**Task directions:** A verbatim transcript of the data below is required, images omitted.

**Data extract:**

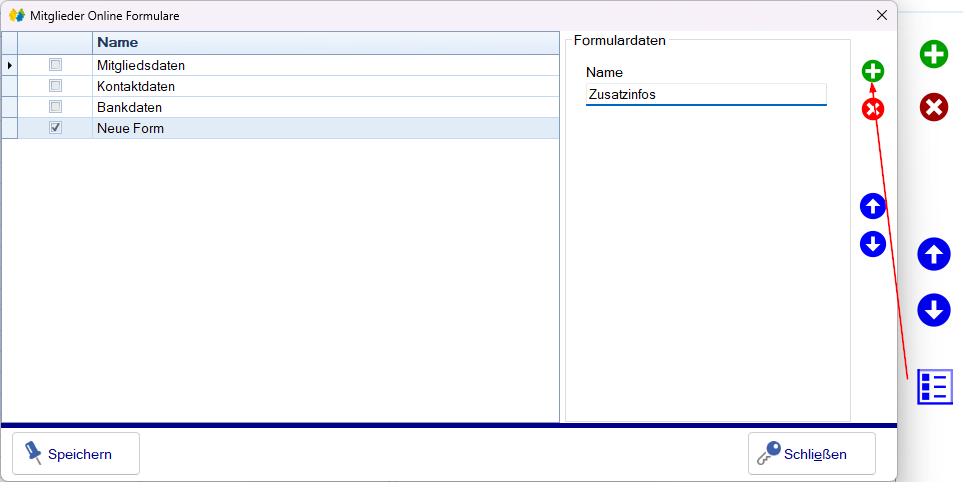 Formularbereich hinzufügen Formularbereich hinzufügen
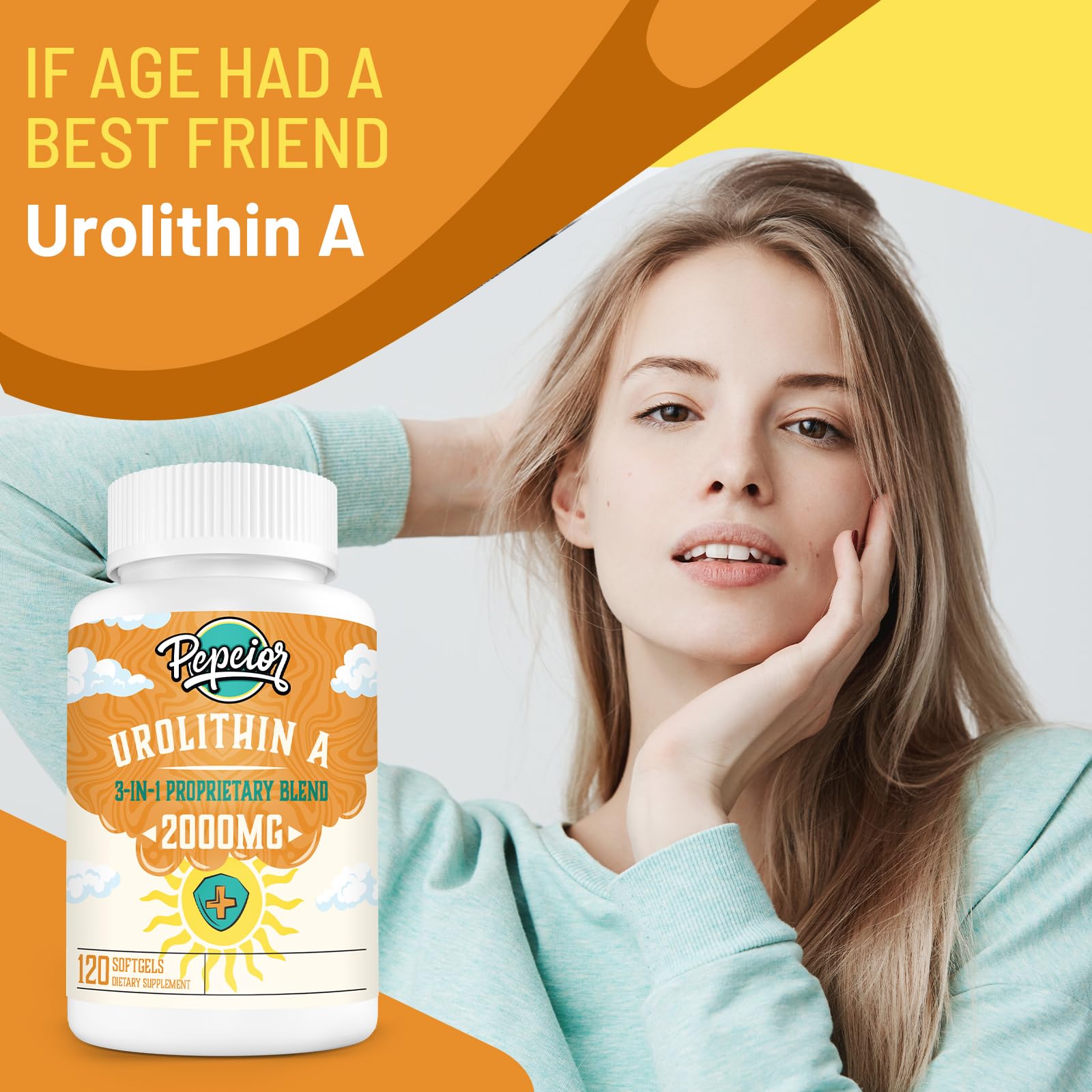 Pepeior Urolithin A Supplement 120 Softgels — 2000MG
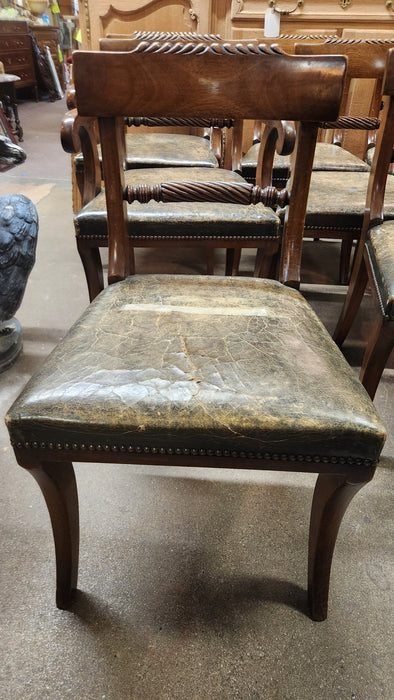 SET OF 8 EARLY MAHOGANY LEATHER SEAT  CHAIRS (2 WITH ARMS)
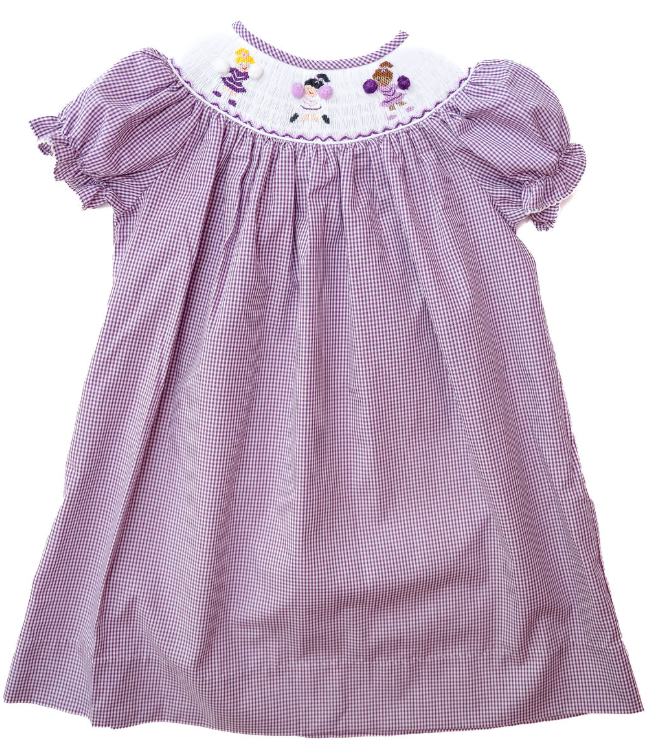 Smocked Purple Cheerleaders - Ruth and Ralph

**Written answer:**
 Formularbereich hinzufügen Formularbereich hinzufügen
 Pepeior Urolithin A Supplement 120 Softgels — 2000MG
 SET OF 8 EARLY MAHOGANY LEATHER SEAT  CHAIRS (2 WITH ARMS)
 Smocked Purple Cheerleaders - Ruth and Ralph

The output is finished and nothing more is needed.